Frank Gaffney, a former Reagan administration official who got his start working under Richard Perle on the staff of Sen. Henry "Scoop" Jackson (D-WA) in the 1970s, is a prominent neoconservative hardliner whose Center for Security Policy (CSP) serves as a clearinghouse for information and analyses that promote controversial weapons programs, a Likudnik line on Mideast peace issues, and an expansive "war on terror" targeting "Islamofascists" (a popular Gaffney term) throughout the Middle East.
Gaffney has also supported a long line of rightist and neoconservative advocacy groups and research institutes. He was a founding member of the Project for the New American Century, a neocon-led letterhead group formed in 1997 by William Kristol and Robert Kagan to champion a "Reaganite" foreign policy based on military strength and an interventionist overseas agenda. Gaffney is also a contributing expert for the Israel-based Ariel Center, which maintains a number of close links to rightist pro-Israel groups in the United States, and is a member of the Committee on the Present Danger (CPD), the hawkish anti-communist Cold War-era group that was revived after the 9/11 terrorist attacks to champion the war on terror. He is an adviser for the Foundation for the Defense of Democracies, created after 9/11 with the purported mission of "promoting pluralism, defending democratic values, and fighting the ideologies that drive terrorism," and was an adviser to the now largely defunct Americans for Victory over Terrorism, created in 2002 by a William Bennett-led group of hardliners and neoconservatives.
After the presidential victory of Ronald Reagan, Gaffney joined the Pentagon, where he served as an aide to then-Assistant Secretary of Defense Richard Perle. Because of his pugnacity, especially toward State Department officials, Gaffney earned the moniker "Perle's Bulldog." After Perle resigned in 1987, Gaffney was nudged out of the Pentagon by Perle's replacement Frank Carlucci. Gaffney subsequently created the Center for Security Policy, which counts among its advisers an impressive list of retired military brass and elite public policy figures.

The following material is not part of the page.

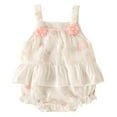 thumbnail image 1 of Otqutp Toddler Wedding Short Jumpsuit Cute Baby Girl Romper Floral Sleevelessl Outside Bodysuit Romper Dress 0 to 18 Months, 1 of 6
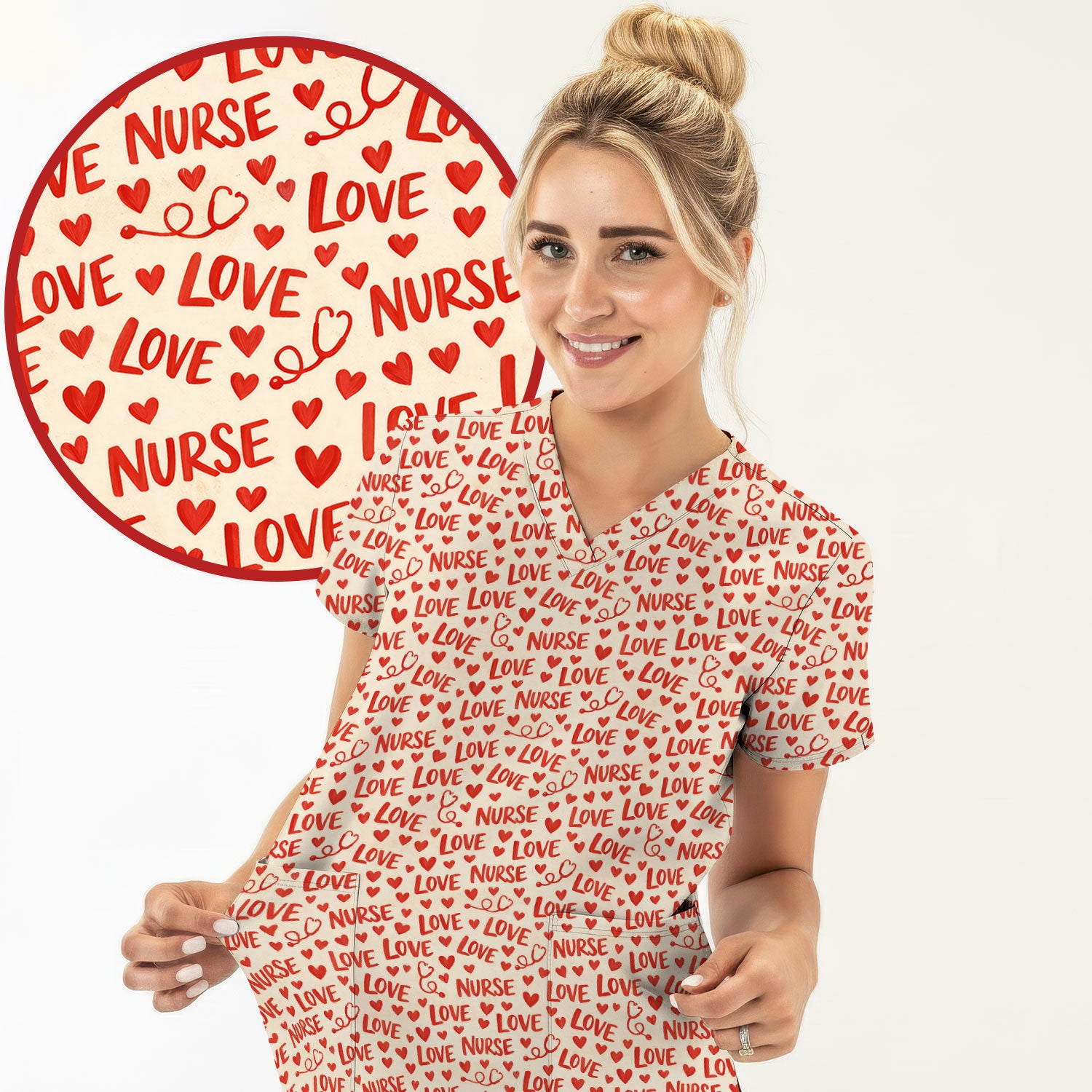 Valentine Pattern Scrub Top, Love Heart Medical Nurse Scrub Shirt, Breathable Fabrics Nursing Uniform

Gaffney is also one of the principals of the Set America Free Coalition. The coalition—which includes military contractors, neocons, and greens—shares staff and principals with the Institute for the Analysis of Global Security. It believes that national security is closely connected with energy security, especially from Middle East oil. Its slogan is "Cut Dependence on Foreign Oil. Secure America."
The largely neocon group includes Rep. Eliot Engel (D-NY); Clifford May, president of Foundation for Defense of Democracies; Robert McFarlane; Thomas Neumann of the Jewish Institute for National Security Affairs, Daniel Pipes of Middle East Forum, James Woolsey, and Meyrav Wurmser of the Hudson Institute. Other notables include Gary Bauer of American Values, former Sen. Lincoln Chaffee (R-RI), David Harris of the American Jewish Committee, and Milton Copulos of the National Defense Council Foundation.